Enhanced oil recovery (EOR) is often carried out using CO₂. Carbon dioxide is flooded into an oil field or coal bed to extract oil or methane that would otherwise be unrecoverable. Executed together, the synergy of EOR and Carbon Capture and Storage are referred to as Carbon Capture, Utilization, and Storage or CCUS.

What is the Meaning of Storing Carbon?

Storing carbon dioxide indicates safe and permanent containment of injected CO₂ in deep geologic formations. Candidate storage reservoirs are located thousands of feet below the surface, beneath confining layers of dense rock (often called caprock), capable of trapping the injected carbon dioxide over thousands of years or longer. The injected CO₂ can undergo several changes over time that ensures permanent storage. It can remain in a liquid-like state, get trapped permanently within the pore spaces of the rock, dissolve into the brine, bond to the organic matter in coal and shale, and over the longer-term, react with minerals in the rock to form stable mineral compounds.

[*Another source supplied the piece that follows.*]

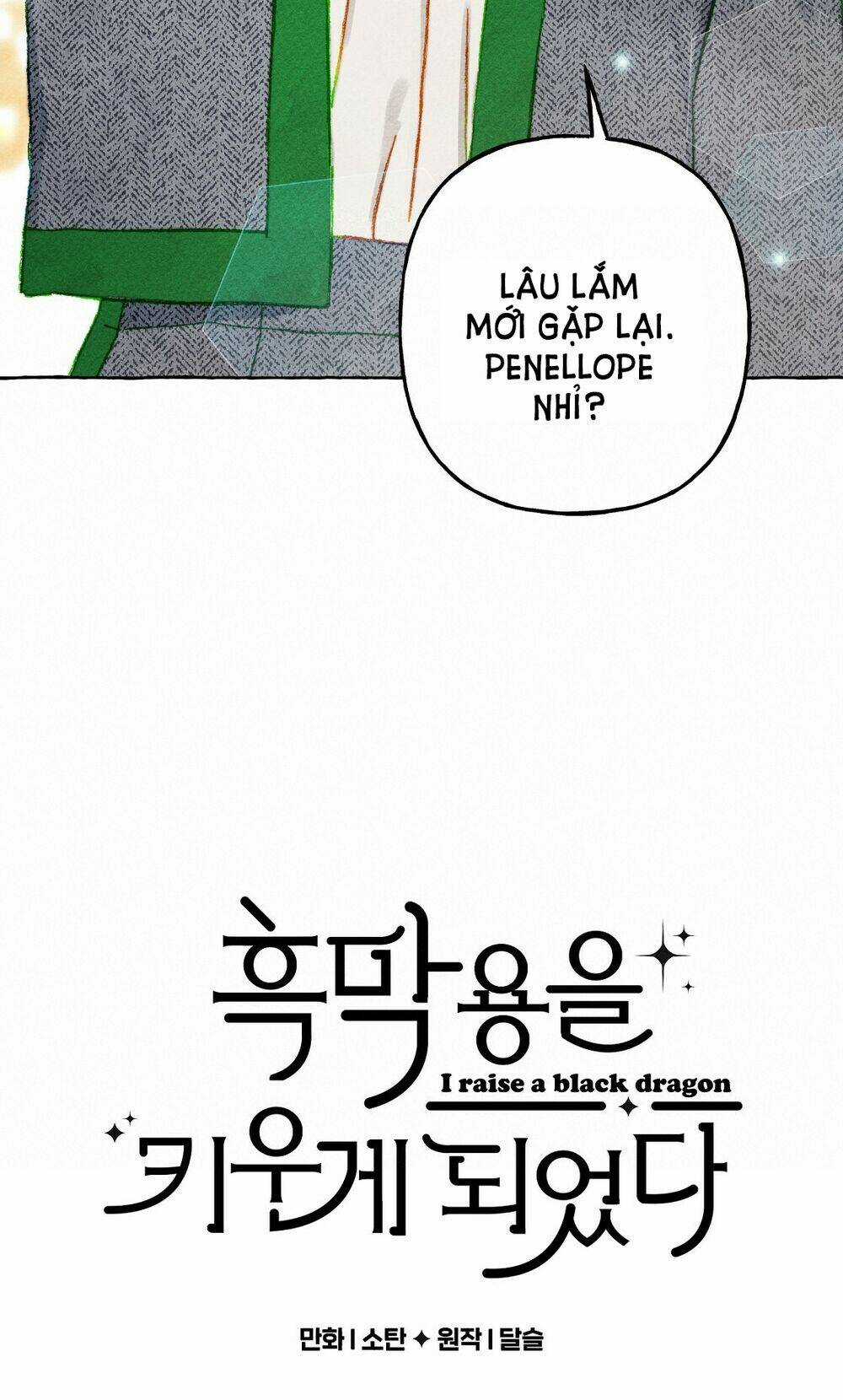 Nuôi Dưỡng Một Bé Rồng Đen Chapter 34.1 trang 12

What is Carbon Dioxide and Why is it Important?

Carbon dioxide, or CO₂, is the most important greenhouse gas (GHG) in terms of its contribution to climate change. At the beginning of the Industrial Revolution concentrations of CO₂ in the atmosphere were approximately 270 parts per million (ppm). Currently, CO₂ concentrations are over 400 ppm and rising. Whether the appropriate stabilization level is as low as 450 parts per million or as high as 750 ppm, the goal of stabilization carries with it requirements to produce and sustain deep reductions in GHG emissions over the course of this century. Most importantly, stabilization will require fundamentally new and cleaner ways of generating and using the energy that drives the economies of the United States and the world.

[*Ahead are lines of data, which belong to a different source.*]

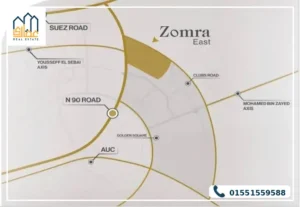 كمبوند زمرة إيست التجمع الخامس Zomra East New Cairo Compound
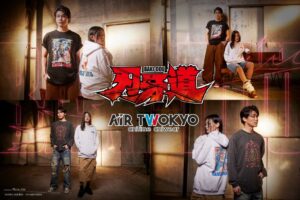AIR TWOKYOがアニメ『刃牙道』グッズを2026年10月8日に発売へ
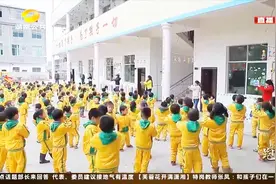 好消息！幼儿教师待遇大变革，解决编制让幼儿教师干劲十足！视频封面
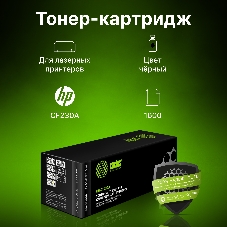 Картридж лазерный Cactus CS-CF230A черный (1600 стр.) для HP LJ 203/227
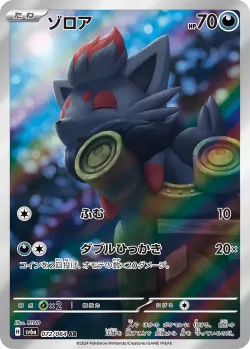Zorua 「SV6A 072/064」「JP」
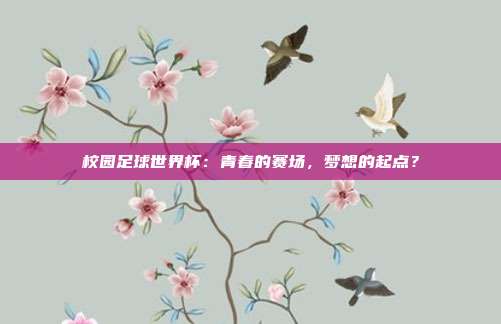 校园足球世界杯：青春的赛场，梦想的起点？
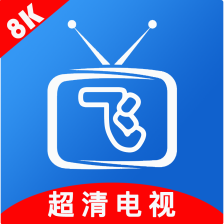 小飞电视TV电视版v2.9.0 最新版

What are Carbon Sequestration Examples?

The major geologic sequestration options being considered include sequestration of CO₂ in depleted oil and gas fields, deep saline formations, deep basalt formations, and deep unmineable coal seams. Key terrestrial sequestration technologies under investigation include the conversion of marginal lands to forests, adoption of soil conservation practices in grazing and eroded lands, adoption of low- or no-till agricultural practices, and restoration of degraded mine lands through planting cover crops and other management practices. The adoption and application of these terrestrial sequestration practices often carry with them ancillary positive benefits, such as increased agricultural productivity or reduced run-off.

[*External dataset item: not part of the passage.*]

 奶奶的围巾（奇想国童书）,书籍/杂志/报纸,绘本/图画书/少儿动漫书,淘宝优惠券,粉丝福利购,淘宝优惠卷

What is Enhanced Oil Recovery?

When an oil field is first produced, the natural high pressure in the formation, which is a function of burial depth below the surface, helps to push the oil out of the formation and to the surface. Typically, subsurface pressure is great enough to produce roughly 10-30% of the oil in an oil field. Once the pressure is depleted during the natural or “primary” production phase, various techniques are employed to restore a pressure drive in the oil field and reduce the thickness or viscosity of the oil so that additional oil can be recovered. In addition to water flooding, the major approaches used in enhanced oil recovery (EOR) include injecting steam, polymers or surfactants, or a gas. Carbon dioxide is often injected into the oil reservoir through an injection well. The carbon dioxide mixes (becomes miscible) with the oil, swelling and decreasing the viscosity of the oil. At the same time, the injected carbon dioxide and water re-establishes high pressure in the oil field, helping to push the oil towards the production well.